Ms. Semenya, as you may recall, was the young woman whose gender was questioned after winning the 800-meter event at the world championships in 2009. After her win she was hustled out of the stadium before she could even finish her victory lap. She was out of competition for nearly a year while the International Association of Athletics Federations (IAAF), international track and field’s governing body, “decided” whether she could compete as a woman. Ultimately the IAAF decided that she could compete, but the incident caused enormous embarrassment to the 18-year-old Semenya; embarrassment that could have been avoided if the IAAF had had a gender decision policy in place and made its gender determination before the event, not after.

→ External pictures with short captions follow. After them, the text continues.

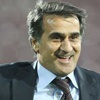 Şenol Güneş'in 2015 model Kartal'ı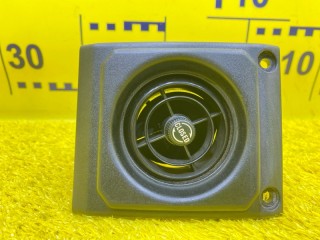 дуйка, ориг. номер 5613, 5565090K0011, 55661-90K00, TOYOTA LAND CRUISER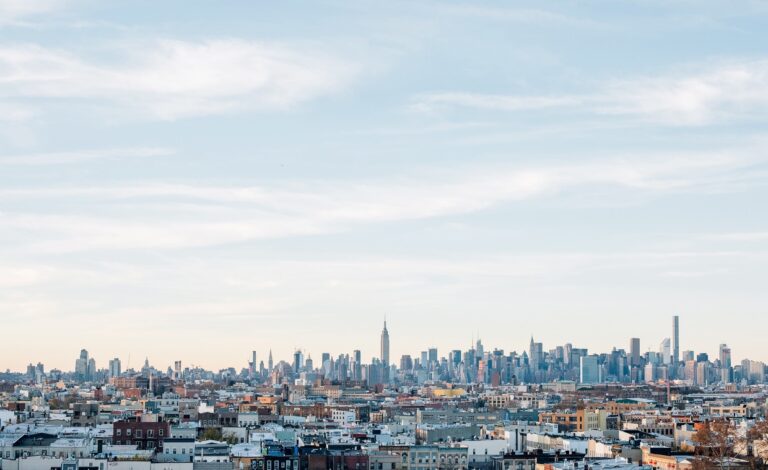 Two of the 10 Worst Landlords in NYC Own Properties in Bushwick
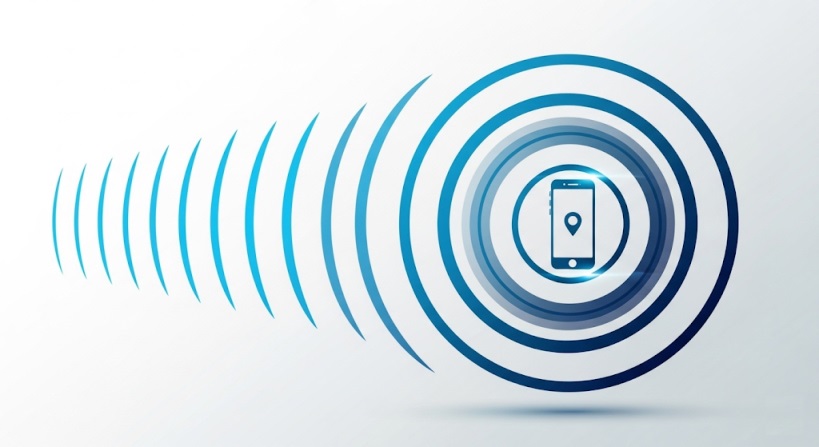 What is Cell Phone Locator How Does It Works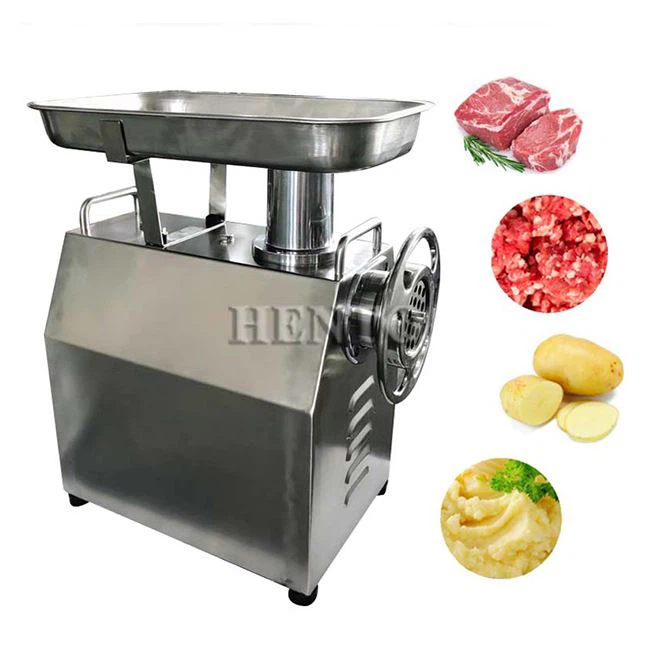 Máy khai thác điện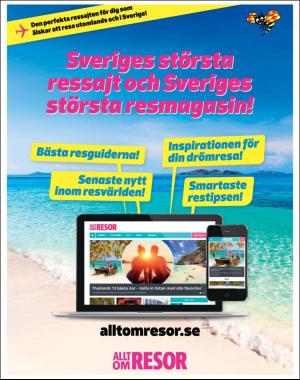 sondag-20180128_000_00_00_087.pdf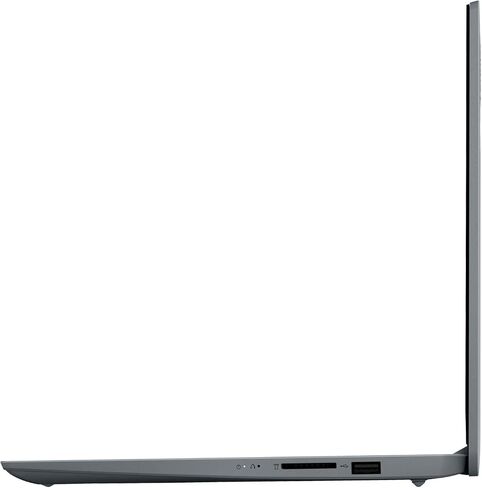 Lenovo Chromebook Flex 5 شاشة لمس 13 بوصة كمبيوتر محمول قابل للتحويل 2 في 1، Intel Core Celeron 5205U، شاشة FHD IPS، USB من النوع C، Wi-Fi 6، قارئ بطاقة SD، كاميرا ويب، نظام تشغيل Chrome، إطار ضيق، مع قطعة قماش in Kuwait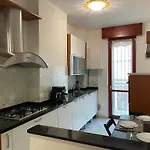 Accomodo Mib55 Bivano Rogoredo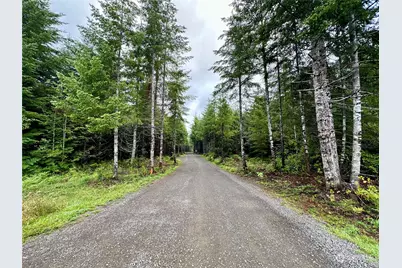 9999 Grouse Glen Way, Port Angeles, WA 98363 - Photo 1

Following her second-place finish at the Olympic Games, there have been rumors that Ms. Semenya might have deliberately held back, taking second place to avoid re-igniting a controversy had she won the gold. Really? If you had survived an embarrassment like Ms. Semenya’s and then trained hard for two years for the Olympic Games, would you be able to deliberately not go for the gold? Somehow I doubt it.
Ms. Semenya’s gender didn’t become an issue at these past Olympic Games. The Olympic Committee planned to rely on a test of testosterone levels, but said they would only test female athletes if the athlete’s performance was questioned. Neither the IAAF nor the Olympic Committee has a policy of screening all female athletes equally beforehand, in order to avoid publicly embarrassing athletes who ultimately are not allowed to compete as women.